In 2015, the United States had approximately 875,000 cleaning businesses that employed 3.5 million people. This exceptionally competitive industry comes with risks to person and property. Most cleaning business owners purchase insurance for those just-in-case situations. Some owners go a step further and obtain a surety bond for their cleaning business.

What you should know about cleaning business insurance and bonding is that every state has its own regulations regarding the requirements of both insurance and bonding. Cleaning business insurance protects the cleaning business owner where the risk-taker is the insurance company. Surety bonds protect the customer of the cleaning business where the risk-taker is the cleaning business owner.

The cleaning industry is comprised of three sectors: commercial cleaners, residential cleaning, and specialized services such as dry cleaning. Every state has business license regulations that must be adhered to, including the types of insurance needed and those that are recommended. In addition, the types of surety bonds available — also known as fidelity bonds — will vary from state to state.

Cleaning Business Insurance

Insurance companies offer a range of insurance products specifically designed to meet the needs of businesses in the cleaning industry. Cleaning business insurance is a general liability policy. It protects the cleaning business in the event of bodily injury, property damage, personal injury, and advertising injury.

Each sector of the cleaning business industry has differing needs when it comes to general liability insurance. For example, a janitorial service working in a corporate office building will need more insurance coverage than a maid service that works in people’s homes. This is because the cost of replacing a broken chandelier in a downtown office will likely be much more expensive than the lamp an employee dropped while dusting in a person’s house.

General liability insurance for cleaning businesses provides coverage in the event of bodily injury of a customer. If a customer gets hurt after slipping on the wet floor, insurance will pay the injured patron. How much money the insurance company pays out depends on the judgment and the insurance policy — which, in turn, depends on the type of cleaning business.

Property damage coverage under general liability insurance will payout in the event the cleaning business caused damage to the property being cleaned. For example, let’s say a carpet cleaning company uses the wrong treatment on a rug and turns a red runner pink. General liability insurance will cover the cost to replace it.
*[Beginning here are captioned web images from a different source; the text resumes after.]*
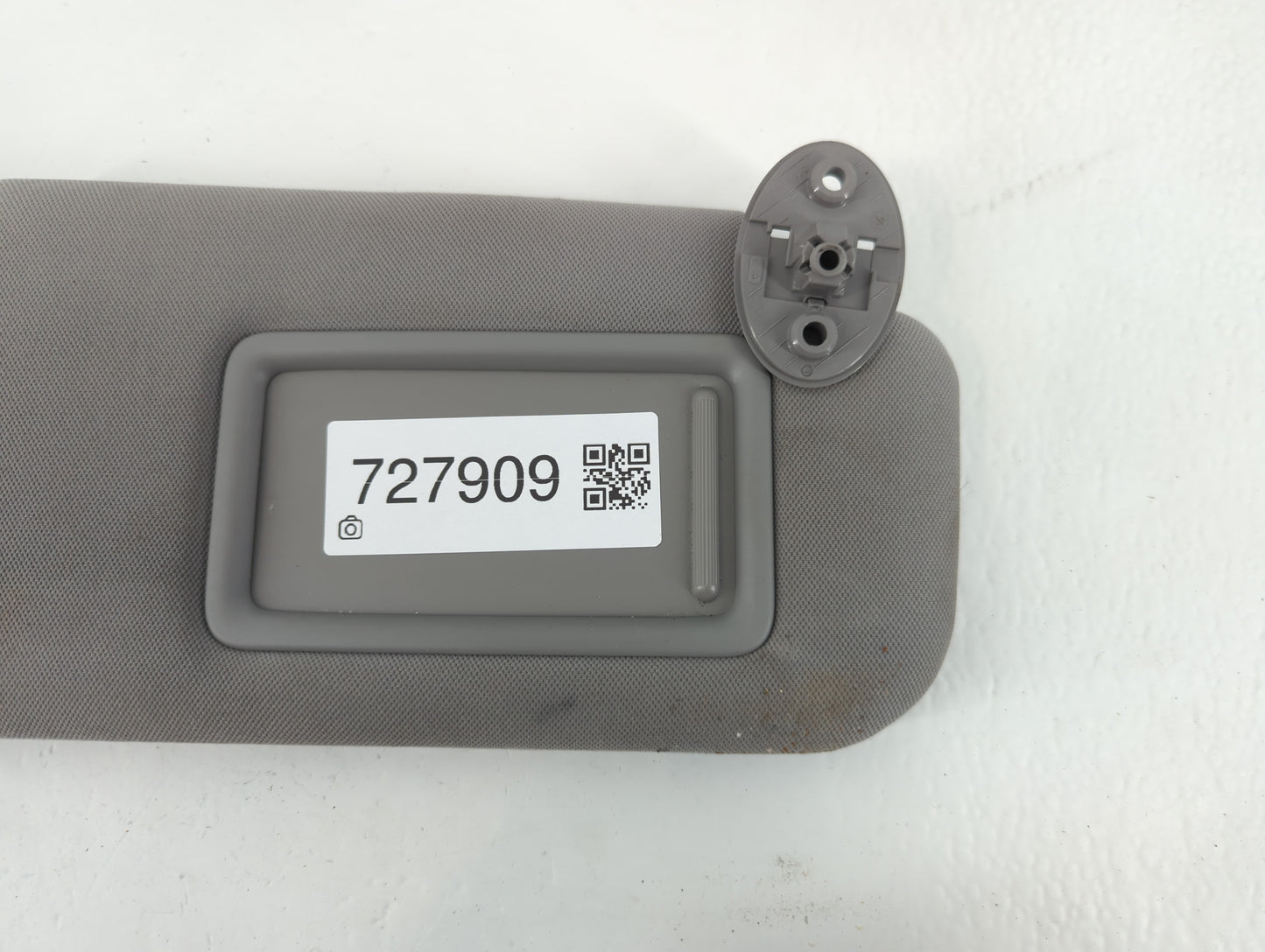 2018-2022 Toyota Camry Sun Visor Shade Replacement Passenger Right Mirror Fits Fits 2018 2019 2020 2021 2022 OEM Used Auto P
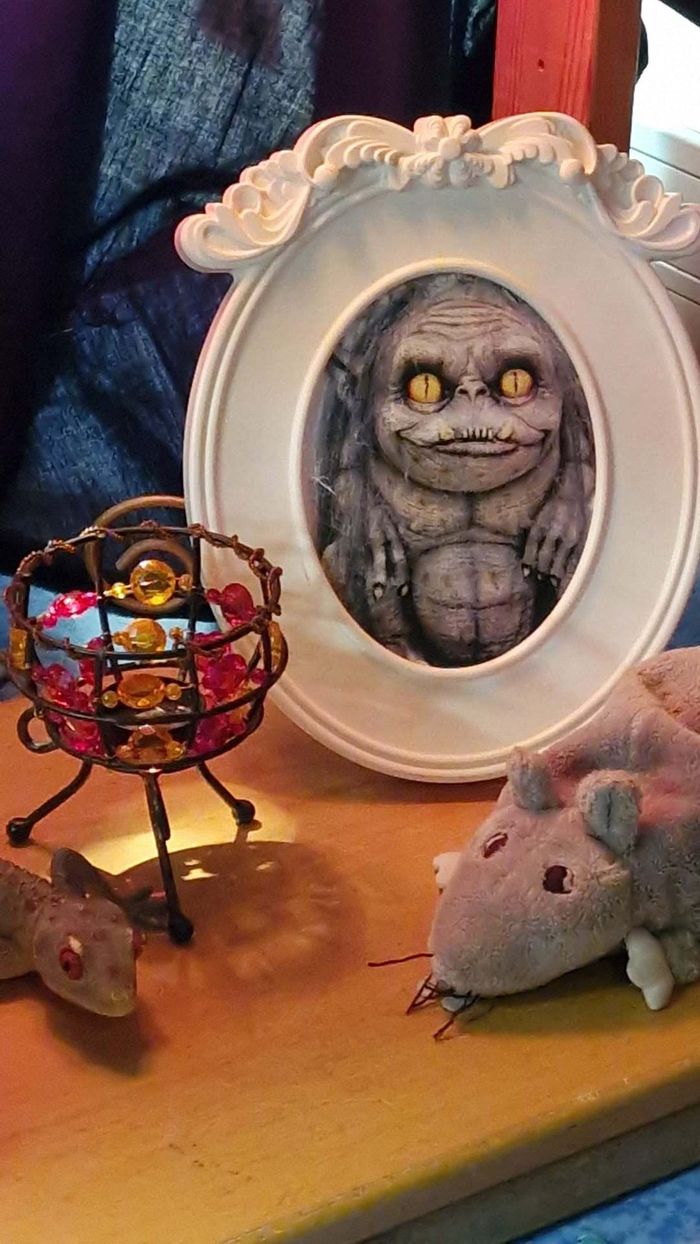La ludothèque vous invite à frissonner dans l'espace de jeu sur place : décoctions de la sorcière, école des fantômes, manoir obscur... Et petits et grands sont conviés au bal des affreux.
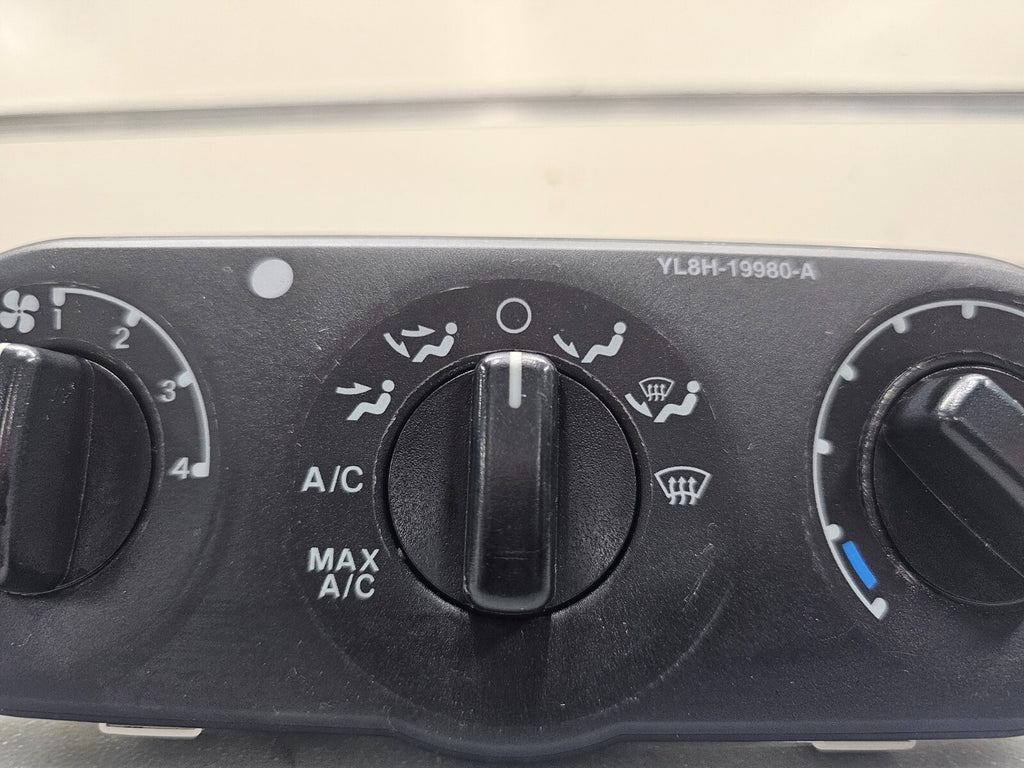 01-07 Escape Mariner Dash AC Heater Climate Temperature control Conditioning OEM
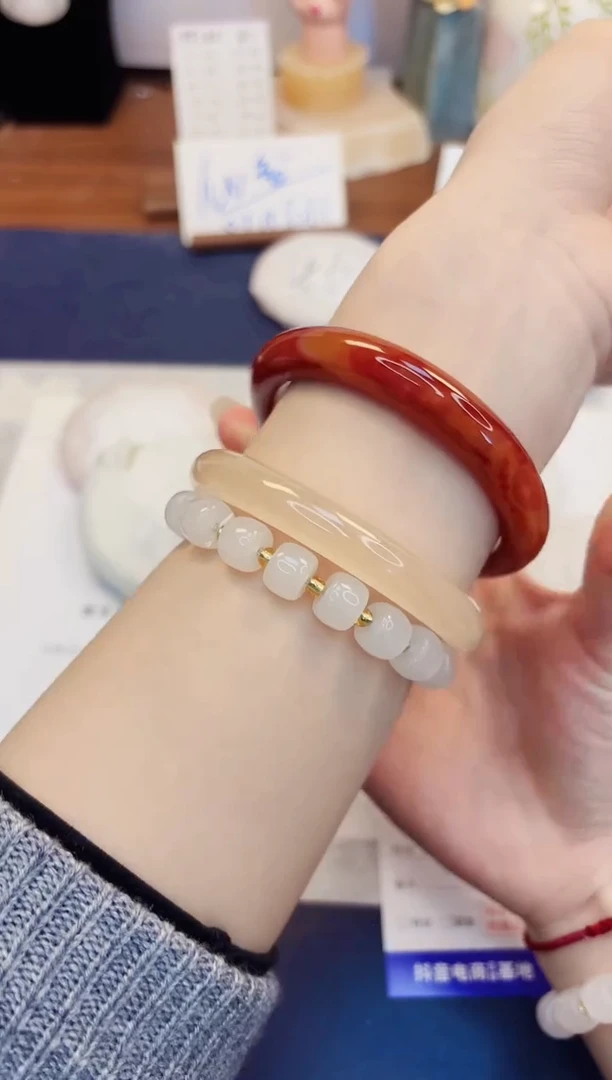 【闪购商品】石英质玉手镯未镶嵌336-玛瑙-圈口60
General liability insurance also covers the personal injury of a customer. These less tangible instances of injury can include libel, slander, or invasion of privacy. For instance, let’s say an employee is cleaning an office and finds sensitive documents on a desk. That employee tells someone about what they read and has now leaked private information. Having an insurance policy in place will protect the cleaning business in the event the customer sues for the invasion of privacy.

In addition, having general liability insurance covers any injury in relation to the advertising of the cleaning business. Most instances of being sued for things like copyright infringement or using photos of a customer’s home without permission will fall under the umbrella of the general liability insurance policy.

Cleaning Business Insurance is used by:

  • Janitorial Cleaning Companies
  • Maid Services
  • Carpet Cleaning Businesses
  • Window Cleaners
  • Dry Cleaners
  • Laundry Services
  • Floor Cleaners
  • Pressure Washer Companies
  • Debris Removers
  • Trash Removal Services

For starter, check out this article to know the essentials you need in starting your cleaning business.

Janitorial Surety Bond

Surety bonds for cleaning service businesses are an agreement made between three entities: the principle, the obligee, and the surety. The principle is the owner of the cleaning business who purchases the bond. The obligee is the customer of the cleaning business who makes a claim on the bond. The surety is the insurance company holding the bond to be paid to the customer as ordered by a court.

Similar to insurance, surety bonds protect the cleaning business customer from losses. They differ from insurance in that surety bonds protect against loss from theft, larceny, fraud, or any other unethical actions of the cleaning company and its employees. Essentially, janitorial surety bonds assure the customer that a particular company is trustworthy.

Surety bonds are a means of establishing professional credibility. Having a cleaning business fidelity bond in place is a promise to the customer that the cleaning business they hired has no ill intent. It bolsters confidence in the customer that the company will provide honest and reliable cleaning services.

These types of bonds increase the reputation of a cleaning business. Businesses that are bonded and insured attract more long-term customers than those who are not bonded. Surety bonds offer the customer peace of mind that their property is in the hands of honest employees.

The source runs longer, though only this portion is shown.